여기서 볼 수 있듯이 낮은 온도는 아주 반복적이고 예상되는 텍스트를 만듭니다. 하지만 국부적인 구조는 매우 실제와 같습니다. 특히 모든 단어(단어는 글자의 지역 패턴으로 이루어집니다)가 실제 영어 단어입니다. 높은 온도에서 생성된 텍스트는 아주 흥미롭고 놀라우며 창의적이기도 합니다. 이따금 꽤 그럴싸하게 보이는 완전히 새로운 단어를 창조합니다(‘begarmed’와 ‘isharent’ 같은 단어입니다). 높은 온도에서는 국부적인 구조가 무너지기 시작합니다. 대부분의 단어가 어느정도 무작위한 문자열로 보입니다. 확실히 이 네트워크에서는 텍스트 생성에 가장 좋은 온도는 0.5입니다. 항상 다양한 샘플링 전략으로 실험해 봐야합니다! 학습된 구조와 무작위성 사이에 균형을 잘 맞추면 흥미로운 것을 만들 수 있습니다.

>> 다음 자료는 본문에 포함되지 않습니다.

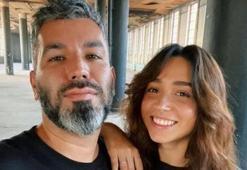 Tolga Akış, Zeynep Bastık'ı çabuk unuttu! 'Eski eşinin kopyası'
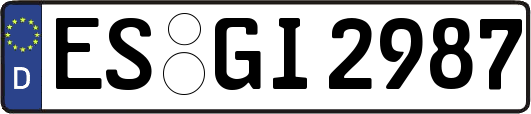ES-GI2987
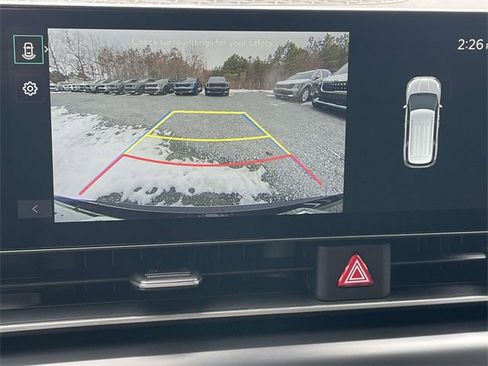 New 2026 Kia Carnival image 5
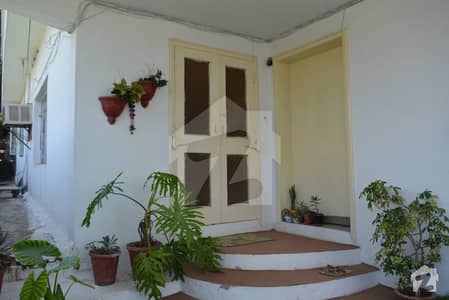 Double Storey House For Sale In Munawar Colony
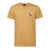 Paul Smith Paul Smith T-shirt M2R.010R.KP3824 79 BLACK A Orange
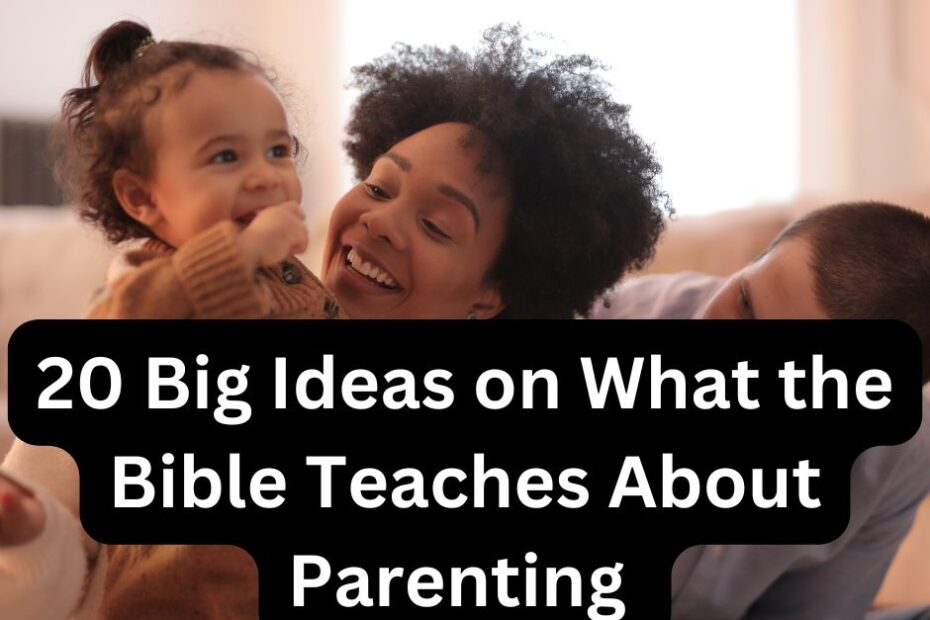 Parenting Thumbnail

더 많은 데이터에서 크고 깊은 모델을 훈련하면 이것보다 훨씬 논리적이고 실제와 같은 텍스트 샘플을 생성할 수 있습니다. 당연히 우연이 아닌 의미 있는 텍스트가 생성된다고 기대하지 마세요. 글자를 연속해서 나열하기 위한 통계 모델에서 데이터를 샘플링한 것뿐입니다. 언어는 의사소통의 수단입니다. 의사소통이 의미하는 것과 의사소통이 인코딩된 메시지의 통계 구조 사이는 차이가 있습니다. 이 차이를 검증하기 위해 다음과 같은 사고 실험을 해보죠. 컴퓨터가 대부분의 디지털 통신에서 하는 것처럼 사람의 언어가 의사소통을 압축하는데 더 뛰어나다면 어떨까요? 언어의 의미가 줄진 않지만 고유한 통계 구조가 사라질 것입니다. 이는 방금과 같은 언어 모델을 학습하는 것을 불가능하게 만듭니다.

## 정리

* 이전의 토큰이 주어지면 다음 토큰(들)을 예측하는 모델을 훈련하여 시퀀스 데이터를 생성할 수 있습니다.
* 텍스트의 경우 이런 모델을 언어 모델이라 부릅니다. 단어 또는 글자 단위 모두 가능합니다.
* 다음 토큰을 샘플링할 때 모델이 만든 출력에 집중하는 것과 무작위성을 주입하는 것 사이에 균형을 맞추어야 합니다.
* 이를 위해 소프트맥스 온도 개념을 사용합니다. 항상 다양한 온도를 실험해서 적절한 값을 찾습니다.